Francis and Teresa met only once, in 1994, during the synod of bishops (“She said what she wanted to say,” he later reported. “If she had been my superior, I would have been scared!”)

Yet there is so much that binds one to the other: her embodiment of practical mercy, her struggle against the throwaway culture, her missionary energy and zeal, her focus on the peripheries, her seeing the suffering of the poor as the wounds of Christ – and a shared love of St Francis of Assisi.

When Francis kissed the face of a disfigured man in Saint Peter’s Square, that too captured the world’s imagination — and recalled the words of Mother Teresa that when she she washes the leper’s wounds, she is nursing the Lord himself.

Cardinal Bergoglio used to say the same in Buenos Aires of his contact with those who were poor and suffering — that he saw in their wounds those of Christ.
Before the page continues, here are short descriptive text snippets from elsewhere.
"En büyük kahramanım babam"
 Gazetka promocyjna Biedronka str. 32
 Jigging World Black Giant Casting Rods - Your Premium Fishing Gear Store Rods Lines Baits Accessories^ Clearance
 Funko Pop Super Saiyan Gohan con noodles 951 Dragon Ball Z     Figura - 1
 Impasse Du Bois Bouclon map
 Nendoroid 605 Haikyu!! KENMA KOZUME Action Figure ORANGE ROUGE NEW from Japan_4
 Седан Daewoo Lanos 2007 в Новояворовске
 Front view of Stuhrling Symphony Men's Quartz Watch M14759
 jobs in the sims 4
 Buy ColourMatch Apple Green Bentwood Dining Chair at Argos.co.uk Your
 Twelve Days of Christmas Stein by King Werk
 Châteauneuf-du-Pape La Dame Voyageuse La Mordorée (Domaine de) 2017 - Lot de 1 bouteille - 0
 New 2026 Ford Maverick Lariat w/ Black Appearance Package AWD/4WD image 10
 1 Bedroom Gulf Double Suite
But maybe one of the most striking things the pope and the saint share is that they were media-shy mystics who became global media phenomena.

Mother Teresa was lauded by presidents and famous people, was endlessly filmed and interviewed, yet it never corrupted her. She hated the attention, because she was shy; yet she accepted it as part of what God was asking of her.

And all the time — as was later revealed — she was in spiritual darkness, not experiencing the consolation of God close to her. Fame did not feed her ego, but left her even more hungry for Christ.

“All that acclaim and adulation doesn’t touch me,” she once wrote, “because I want Him, and I don’t have Him.”